ふじこ

ホロウのふじこのネタバレレビュー・内容・結末

ホロウ(2021年製作の映画)
3.7

このレビューはネタバレを含みます

敬虔な教徒であったローラは僅か6歳の娘を殺害されてしまい、神への信仰を失う。
娘を殺した男が一年も経たずに出所した事によって、ますます心は乱れ、犯人への復讐に傾いていく。
旧知の牧師は彼女を止めようとするものの、あなたも神も誰もわたしを助ける事は出来ない とローラは聞く耳を持たず、犯人の男に会いに行けば罵倒されて追い返される。

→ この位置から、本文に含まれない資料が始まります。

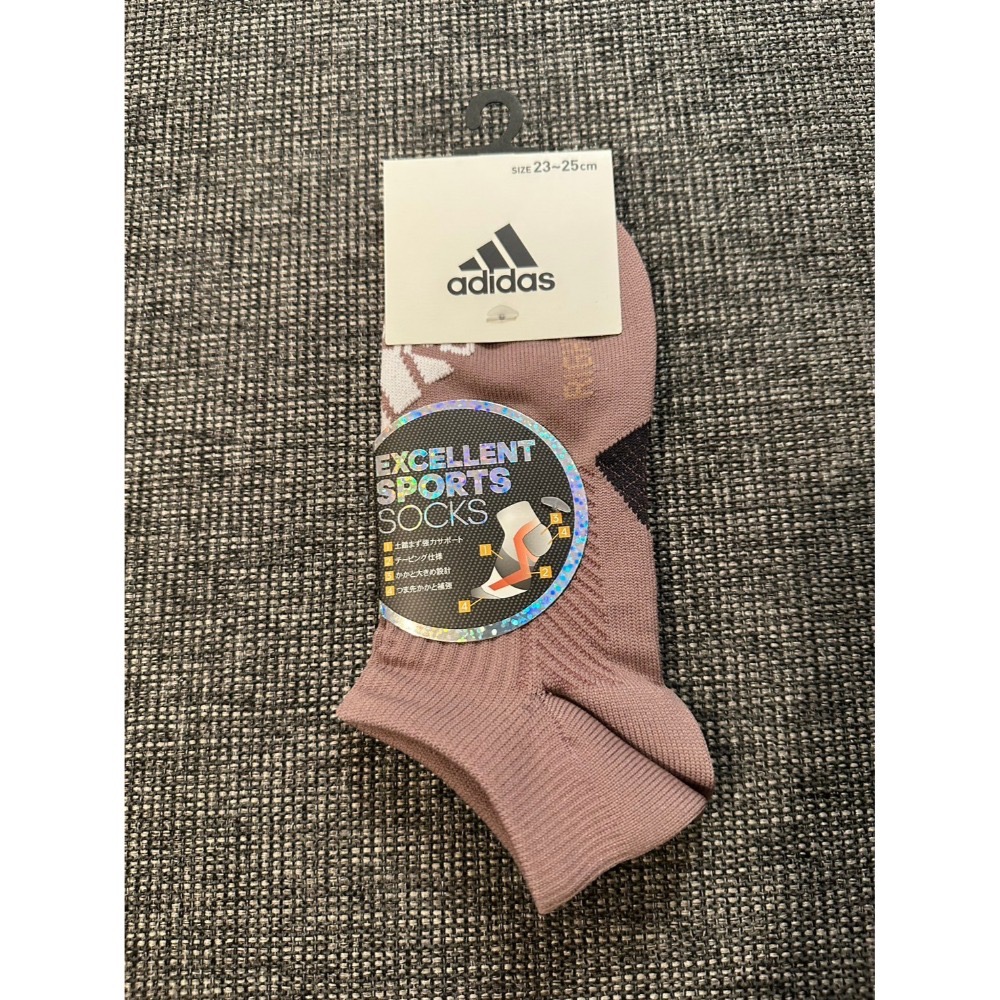 日本 adidas 運動襪 短襪 裸襪 船型襪 襪子 女款 23-25公分 加長後跟 腳趾和腳跟補強支撐-規格圖11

ある日近所の白人グループに暴言を吐かれている牧師を目撃したローラは止めに入るものの投げ飛ばされ、牧師はバットを持って戻り相手を殴り飛ばす。
感謝と戻ってきてくれて嬉しいよ と声を掛けるもののローラは 戻ってない あいつを殺してやる もう既に地獄にいる と頑なな態度は変わらなかった。
わたしの為に祈って、わたしより先に神があいつを殺すように。
あなたが神に選択肢を与えたのよ、そして彼はそれを選んだ と。

ローラは犯人の家を突き止めて 何度も何度も様子を伺い、時には割れたガラス片を握りしめ、時には家からナイフを持っては通り過ぎるのを待つけれど果たすことが出来ない。そして踞って涙を流す。

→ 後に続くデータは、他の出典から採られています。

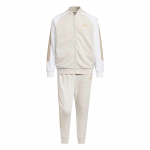 Adidas Unisex Essentials Sportinis Kostiumas Su Standia Apykakle, Užtraukiamu Užtrauktuku Striuke Ir Siaurėjančiomis Kelnėmis, Tamsiai Mėlynas, Įprasto Kirpimo, Megztas, Laisvalaikio Sportinės Aprangos Komplektas JZ0107 XL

そして牧師は神に、わたしがあなたの遣いであるなら彼に復讐の裁きを。
わたしがあなたの遣いであるなら、わたしを止めて下さい と祈りを捧げ、犯人の家へ。
ドアを開けてすぐに殴られ気絶した犯人は目覚めてすぐに牧師の目的を理解したのか、さっさと終わらせよう 俺もそうして欲しい 俺に祈って貰う価値なんかない と話す。
牧師は犯人の手に軽く触れて、そのまま家を出るがドアを開けた瞬間、倒れ込む。
遂に決心を固めたローラに犯人と間違われて胸を刺され、そのまま絶命する。
激しく動揺するローラに、家から出てきた犯人は 逃げろ、今すぐ逃げるんだ、ローラ頼む と。
泣きながら去る背中に、すまない と声を掛け、倒れた牧師の側にしゃがみ込む。

家の中で一人、虚ろな表情で床を見詰めるローラ。


あぁ、息が苦しくなる一本だったな。全員不幸になってしまった。
そもそも論を持ち出せば、娘を殺した犯人が全て悪くって、彼がこんな事をしなけりゃ親子仲良く暮らしていたし牧師も死ぬ事はなかったんだけど。
犯人像がよく分からないままだったので、どうしてこんな事をしたのかは分からないながらも、刑務所の収容人数や態度から早期釈放される事になったっぽかったし、最後の態度を観るに恐らく深く悔いているものだとは思う。
でもローラにしてみたら、だからどうしたって話でしかないよね。
反省なんてしなくても良いから、とにかく死んで償えとしか思えないだろう。
犯人が死んだところで亡くなった人は戻ってこない、なんて事は分かり切っていて、そうだとしたって自分の愛する人の人生は勝手に終わらされたのに、殺した側の人生だけが続いていくなんて許せない。
ローラのそういった気持ちはとてもよく分かる気がする。

彼女も冒頭では"HART'S WASH"と書かれた洗剤のようなものを手に取って非常に危うい表情で眺めていたんだけど、犯人が収監されたままだったとしたら、彼女は自らの死を選んで娘のところに行こうとしてたんじゃないかなって。
恐らく牧師殺しは娘殺しの犯人が背負ってくれるんだと思うんだけど、そうしたら彼女は娘を失い、牧師を失い、憎むべき相手も再び手の届かない場所に行ってしまって完全に一人きりになってしまうんだよな…。
心はずっと前にもう死んでいたのかも知れないけれど、彼女を思って気にかけてくれる人が一人もいなくなってしまったまま、彼女は今度こそ死を選ぶんじゃないかなぁって気がして、胸が苦しい。

犯人と向かい合ったあの一瞬でローラは何を考えたんだろうなあ。
反省したからって許される訳じゃないし、許さなくても良いけど、殺す殺さないの前に対面する機会はなかったのかなぁ…。
まぁ、そもそも反省出来るんなら最初っからすんなって話になるんだけども。